## Your assignment:
Extract all of the data and reproduce it precisely.

## Data section:
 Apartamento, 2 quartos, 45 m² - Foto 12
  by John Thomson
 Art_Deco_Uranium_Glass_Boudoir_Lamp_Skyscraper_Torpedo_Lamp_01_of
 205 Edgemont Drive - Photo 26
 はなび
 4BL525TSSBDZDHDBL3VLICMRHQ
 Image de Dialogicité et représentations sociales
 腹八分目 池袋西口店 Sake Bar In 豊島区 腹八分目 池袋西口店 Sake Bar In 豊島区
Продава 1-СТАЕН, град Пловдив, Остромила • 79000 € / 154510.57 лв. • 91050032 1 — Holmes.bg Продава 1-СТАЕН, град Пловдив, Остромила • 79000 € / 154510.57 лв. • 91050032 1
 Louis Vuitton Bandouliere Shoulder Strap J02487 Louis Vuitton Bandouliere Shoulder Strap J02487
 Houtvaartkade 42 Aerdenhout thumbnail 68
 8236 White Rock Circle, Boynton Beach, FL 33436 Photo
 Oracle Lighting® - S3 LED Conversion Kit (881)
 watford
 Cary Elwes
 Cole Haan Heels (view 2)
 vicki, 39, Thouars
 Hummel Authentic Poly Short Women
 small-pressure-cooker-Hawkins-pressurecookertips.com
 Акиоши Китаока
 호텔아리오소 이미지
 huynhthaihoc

## Answer space:
 Apartamento, 2 quartos, 45 m² - Foto 12
  by John Thomson
 Art_Deco_Uranium_Glass_Boudoir_Lamp_Skyscraper_Torpedo_Lamp_01_of
 205 Edgemont Drive - Photo 26
 はなび
 4BL525TSSBDZDHDBL3VLICMRHQ
 Image de Dialogicité et représentations sociales
 腹八分目 池袋西口店 Sake Bar In 豊島区 腹八分目 池袋西口店 Sake Bar In 豊島区
Продава 1-СТАЕН, град Пловдив, Остромила • 79000 € / 154510.57 лв. • 91050032 1 — Holmes.bg Продава 1-СТАЕН, град Пловдив, Остромила • 79000 € / 154510.57 лв. • 91050032 1
 Louis Vuitton Bandouliere Shoulder Strap J02487 Louis Vuitton Bandouliere Shoulder Strap J02487
 Houtvaartkade 42 Aerdenhout thumbnail 68
 8236 White Rock Circle, Boynton Beach, FL 33436 Photo
 Oracle Lighting® - S3 LED Conversion Kit (881)
 watford
 Cary Elwes
 Cole Haan Heels (view 2)
 vicki, 39, Thouars
 Hummel Authentic Poly Short Women
 small-pressure-cooker-Hawkins-pressurecookertips.com
 Акиоши Китаока
 호텔아리오소 이미지
 huynhthaihoc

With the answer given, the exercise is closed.